--- INFORMATION PROVIDED ---

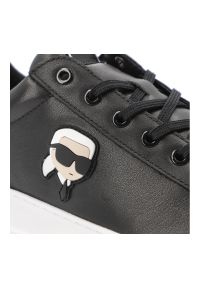 Czarne Sneakersy Karl Lagerfeld Modne Obuwie Męskie Premium. Okazja: na co dzień. Zapięcie: sznurówki. Kolor: czarny. Materiał: skóra #3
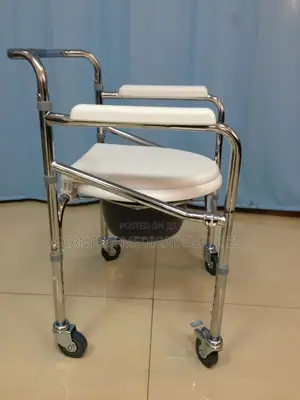 Comfort Support Commode Chair for Daily Assistance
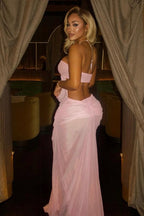 Sheer Tulle Patchwork Prom Dress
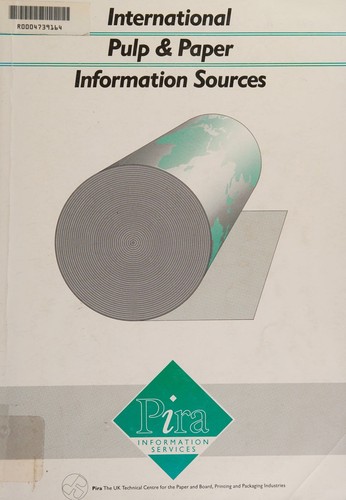 Cover for International pulp and paper information sources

---

> EXERCISE BRIEF
Reproduce the listing word for word. Do not carry over the pictures.

> SOLUTION FOR THIS TASK
 Czarne Sneakersy Karl Lagerfeld Modne Obuwie Męskie Premium. Okazja: na co dzień. Zapięcie: sznurówki. Kolor: czarny. Materiał: skóra #3
 Comfort Support Commode Chair for Daily Assistance
 Sheer Tulle Patchwork Prom Dress
 Cover for International pulp and paper information sources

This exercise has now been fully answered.